WORK INSTRUCTIONS: Write only the count of lines that hold the word "image" in the listing.

DATA TO EXAMINE:

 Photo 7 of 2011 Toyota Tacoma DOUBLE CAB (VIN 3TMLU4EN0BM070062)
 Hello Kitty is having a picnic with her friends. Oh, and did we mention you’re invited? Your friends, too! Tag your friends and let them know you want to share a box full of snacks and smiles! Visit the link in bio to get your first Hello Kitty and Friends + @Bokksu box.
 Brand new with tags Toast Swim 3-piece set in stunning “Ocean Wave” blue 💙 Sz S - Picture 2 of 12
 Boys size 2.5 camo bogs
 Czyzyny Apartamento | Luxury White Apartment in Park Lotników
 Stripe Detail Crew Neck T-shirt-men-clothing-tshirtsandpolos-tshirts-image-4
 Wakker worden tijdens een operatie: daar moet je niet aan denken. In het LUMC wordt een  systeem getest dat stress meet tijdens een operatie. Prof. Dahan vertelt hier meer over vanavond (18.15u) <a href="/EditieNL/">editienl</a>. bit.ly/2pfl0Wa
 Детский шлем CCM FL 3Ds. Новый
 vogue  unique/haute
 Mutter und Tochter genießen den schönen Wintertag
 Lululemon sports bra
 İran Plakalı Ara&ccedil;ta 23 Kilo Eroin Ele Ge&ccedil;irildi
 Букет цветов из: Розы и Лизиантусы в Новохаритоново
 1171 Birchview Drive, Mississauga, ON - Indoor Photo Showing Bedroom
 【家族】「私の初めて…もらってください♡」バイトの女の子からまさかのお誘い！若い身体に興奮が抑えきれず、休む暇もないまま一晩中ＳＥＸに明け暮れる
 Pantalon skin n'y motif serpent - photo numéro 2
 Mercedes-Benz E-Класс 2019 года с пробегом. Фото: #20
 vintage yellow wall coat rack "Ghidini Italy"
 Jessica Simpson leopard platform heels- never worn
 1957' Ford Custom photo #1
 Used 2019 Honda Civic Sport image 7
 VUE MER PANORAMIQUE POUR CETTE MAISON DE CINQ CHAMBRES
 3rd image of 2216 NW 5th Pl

ANSWER FOR THIS EXERCISE: 3